Я знала, что это приведет его в чувство, и сама теряла контроль. Почему бы не попробовать опуститься ниже? Марк вздрогнул, но ничего не сказал. Он хмурился, и я знала, что это напряжение на вкус как приятная сладость. Наконец-то она охватила нас обоих.
Я осторожно коснулась пальцами каменной плоти, медленно провела по гладкой коже, и Марк замер. Наверное, это было его самое чувствительно место, и я хотела воспользоваться слабостью супруга. В бездну запреты! Склонилась, поцеловала и обхватила губами. Мужчина тихо застонал, пальцы зарылись в мои волосы, и я, напрочь позабыв о сдержанности и растратив остатки смущения, продолжила. Хотелось довести его до того разнеженного состояния, что бывало всякий раз после близости, но чтобы при этом Марк не тратил на меня силы. Он был моим дыханием, новым лакомством, и каждая его неосознанная реакция придавала сил. Я действовала все более неистово, гладила его живот и бедра, продолжая пробовать и узнавать. Кто сказал, что нельзя хотеть приносить наслаждение любимому человеку?
— Габ… — выговорил он и, вздрогнув, отстранил меня и откатился прочь. А через несколько секунд я увидела тот самый взгляд, полный расслабленного счастья. — Я нарочно буду уставать, если ты станешь делать так каждый раз.
Я довольно улыбнулась, а потом словно темную занавесь опустили. Стало жутко и тоскливо оттого, что смерть преследует нас. И даже вкуснота и нежность были мгновенно забыты, изгнаны из сердца ожиданием новой боли.
— Марк, — прошептала я, — мне было так страшно там! Прости, что поддалась панике. Я не хотела терять тебя, и сделать ничего не могла. — Я бормотала, и слова слетали с губ все стремительнее. — Пыталась согреть, привести в чувство — без толку! Глупая беспомощность! Слишком много всего, тяжелый груз, и я боялась бояться. Но в последний миг, когда весла шлепнулись в воду, я думала только об одном. Что многого для тебя не успею сделать, понимаешь? Из сердца словно всю кровь выжали!
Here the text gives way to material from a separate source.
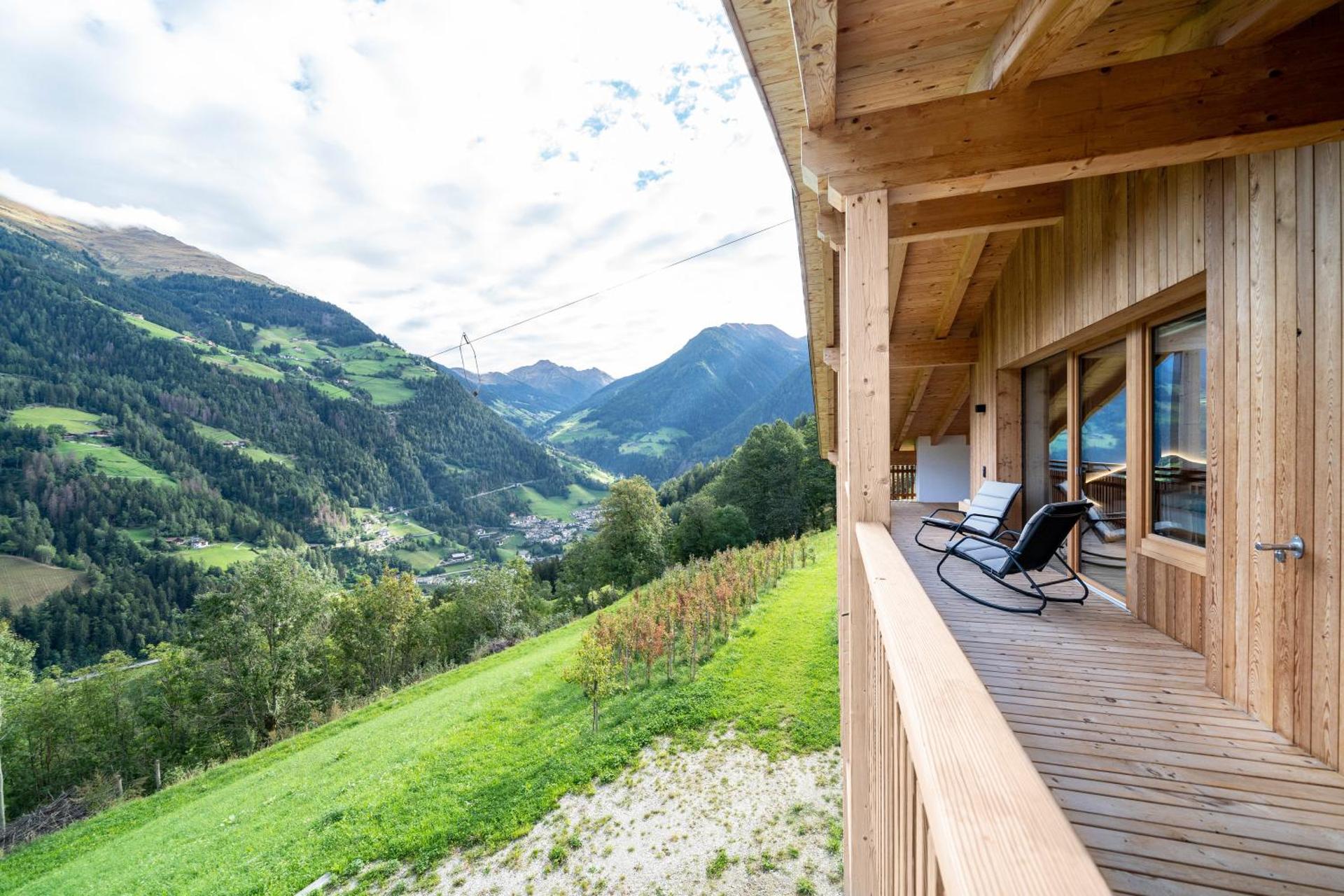 Lagar Apartement Struzer Michele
И вот мы вместе, опасность миновала, а я снова боюсь. Вижу тебя, слышу, чувствую — и кажется, новый страх пережить невозможно, внутри что-то погибнет…
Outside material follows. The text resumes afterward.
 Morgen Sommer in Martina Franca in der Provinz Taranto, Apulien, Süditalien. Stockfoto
Марк выбрался из-под одеяла и схватил меня, сажая к себе на колени. Обнял, тяжело вздохнул и замер. Я прижалась к его груди ухом, упиваясь ритмом жизни, и, конечно, расплакалась. Против обыкновения Солнечный ничего не говорил, и я внимала его молчанию. Конечно, он знал, что сейчас нам главное просто быть вместе.
— Это повторится, да?
Марк кивнул.
— Хочу кое-что рассказать тебе, Габ. О судьбе.
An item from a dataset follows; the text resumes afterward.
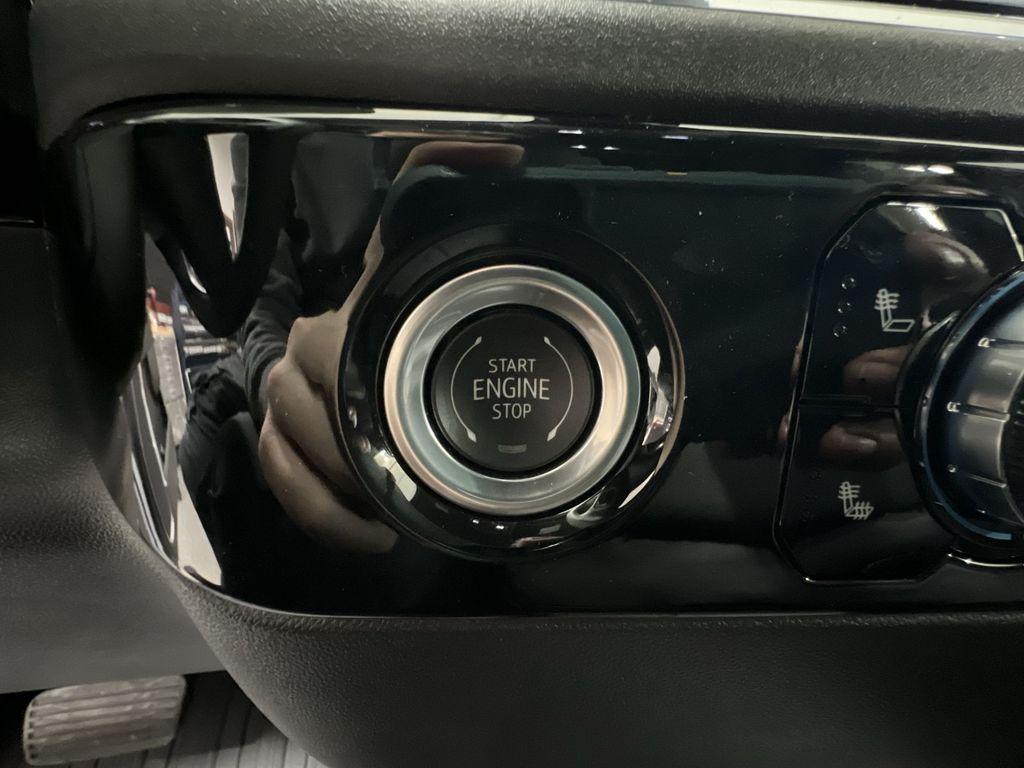 2024 Gmc Sierra 1500 Elevation photo 14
Я обхватила его за шею и приготовилась слушать, но Марк довольно долго молчал, прежде чем начать.
— Когда соприкасаешься с потусторонними силами, ты на какое-то время можешь открыть для себя иные пределы. Это может быть прошлое, которого ты не помнишь, или что-то особенное в настоящем. А порой это будущее — возможное, далекое или близкое. Когда я потерял сознание (иначе говоря, превратился в бесполезный кусок дерьма), то помчался во времени вперед. Вышел из тела, улетел далеко, ты поэтому и не могла меня согреть. Я видел нас, Габ, в месте, похожем на священную долину. Вот только была она огромной, и на небе правили иные звезды. Это был другой мир, котенок. Не наша планета, что-то непознанное, яркое и удивительное, но все равно родное. И я знал тогда, что красная земля и это место связаны, словно говорил с другой родиной какой-то из своих прошлых душ.